Building a modern data platform – Out on the edge

In this series so far we have concentrated on the data under our control in our datacentres and managed clouds and protected by enterprise data protection tools.

However, the reality of a modern data platform is not all of our data lives in those safe and secure locations. Today most organisations expect mobility, we want access to our key applications and data on any device and from any location.

This “edge data” presents a substantial challenge when building a modern data platform, not only is the mobility of data a security problem, it’s a significant management and compliance headache.

How do we go about managing this problem?

The aim of this series is to give examples of tools that I’ve used to solve modern data platform challenges, however with edge data it’s not that simple. It’s not only the type and location of data, but also the almost infinite range of devices that hold it.

Therefore, rather than present a single solution, we are going to look at some of the basics of edge data management and some tools you may wish to consider.

Manage the device

The fundamental building block of edge data protection is maintaining control of our mobile devices, they are repositories for our data assets and should be treated as any other in our organisation.

When we say control, what do we mean? In this case control comes from strong endpoint security.

Strong security is essential for our mobile devices, their very nature means they carry a significant risk of loss and therefore data breach, so it’s critical we get the security baseline right.

To do this mobile device management tools like Microsoft Intune can help us to build secure baseline policies, which may, for example, demand secure logon, provide application isolation and in the event of device loss ensure we can secure the data on that device to help minimise the threat of data leak and compliance breach.

Protecting the data

As critical as ensuring our mobile data repository is managed and secure, protecting the data on it is crucial. We can take three general approaches to controlling our edge data;

  • No data on the device
  • All data synchronised to a secure location
  • Enforce edge data protection

Which approach you use depends on both the type of data and the working practices of your organisation.

For example, if your mobile users only access data from good remote links, home office for example, then having data only within our controlled central repositories and never on the device is fine.

That however, is not always practical, therefore a hybrid approach that allows us to cache local copies of that data on our devices may be more appropriate, think OneDrive for Business, Dropbox or build your own sync tools such as Centrestack.

These tools allow users access to a cached local copy of the data housed in our central data stores regardless of connectivity, with managed synchronisation back to these stores when possible.

This provides up to date data copies for users for convenience, while we maintain a central data repository ensuring the authoritative copy resides under our control.

Enforce Data Protection

However, this hybrid approach relies upon users placing the data in the correct folder locations and if they don’t this then presents a data security and compliance risk.

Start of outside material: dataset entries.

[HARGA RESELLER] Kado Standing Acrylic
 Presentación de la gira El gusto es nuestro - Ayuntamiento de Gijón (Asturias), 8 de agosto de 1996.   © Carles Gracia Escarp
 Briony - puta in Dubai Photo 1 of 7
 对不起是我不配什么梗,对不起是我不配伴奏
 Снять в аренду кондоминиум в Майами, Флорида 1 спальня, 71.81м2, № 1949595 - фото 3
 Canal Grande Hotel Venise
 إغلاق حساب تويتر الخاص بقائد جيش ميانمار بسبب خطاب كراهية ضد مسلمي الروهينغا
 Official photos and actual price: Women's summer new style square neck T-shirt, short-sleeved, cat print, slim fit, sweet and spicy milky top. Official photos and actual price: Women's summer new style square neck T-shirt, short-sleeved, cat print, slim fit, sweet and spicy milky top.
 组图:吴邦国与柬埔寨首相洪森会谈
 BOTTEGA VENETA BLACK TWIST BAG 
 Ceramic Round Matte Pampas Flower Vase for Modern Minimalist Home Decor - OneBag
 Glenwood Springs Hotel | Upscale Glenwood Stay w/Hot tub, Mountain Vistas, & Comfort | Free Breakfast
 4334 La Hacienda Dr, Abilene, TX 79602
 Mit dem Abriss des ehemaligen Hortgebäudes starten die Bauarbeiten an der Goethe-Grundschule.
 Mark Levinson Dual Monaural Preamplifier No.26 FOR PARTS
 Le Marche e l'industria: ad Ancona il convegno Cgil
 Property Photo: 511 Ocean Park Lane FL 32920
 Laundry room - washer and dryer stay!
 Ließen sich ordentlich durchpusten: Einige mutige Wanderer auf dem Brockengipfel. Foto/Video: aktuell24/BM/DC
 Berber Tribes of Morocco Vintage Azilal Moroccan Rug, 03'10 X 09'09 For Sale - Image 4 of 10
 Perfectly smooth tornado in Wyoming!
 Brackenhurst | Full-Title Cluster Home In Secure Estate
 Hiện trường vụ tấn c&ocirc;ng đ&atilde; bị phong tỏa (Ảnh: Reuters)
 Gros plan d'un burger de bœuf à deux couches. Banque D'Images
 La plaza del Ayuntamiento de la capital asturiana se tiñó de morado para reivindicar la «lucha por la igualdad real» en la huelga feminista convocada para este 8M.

To overcome this we can ensure we protect all of the data on these devices by extending our enterprise data protection solution, for example we can use Veeam Agents to protect our Windows workloads, or a specialised edge data tool such as Druva InSync, which can help us protect edge data on a range of devices and operating systems.

This goes beyond synchronisation of a set of predefined folders and allows us to protect as much of the data and configuration of our mobile devices as we need to.

Understand the edge

While ensuring the device and data is robustly protected, our modern platform also demands insight into our data, where it is, how it is used and importantly how to find it when needed.

This is a real challenge with edge data, how do we know who’s mobile device has certain data types on it? If we lose a device can we identify what was on it? The ability to find and identify data across our organisation, including that on the edge, is essential to the requirements of our modern data platform.

Ensuring we have a copy of that data, that is held securely and is indexed and searchable, should be a priority.

Druva InSync, for example, allows you to do compliance searches across all of the protected mobile devices, so you can find the content on a device, even if that device is lost.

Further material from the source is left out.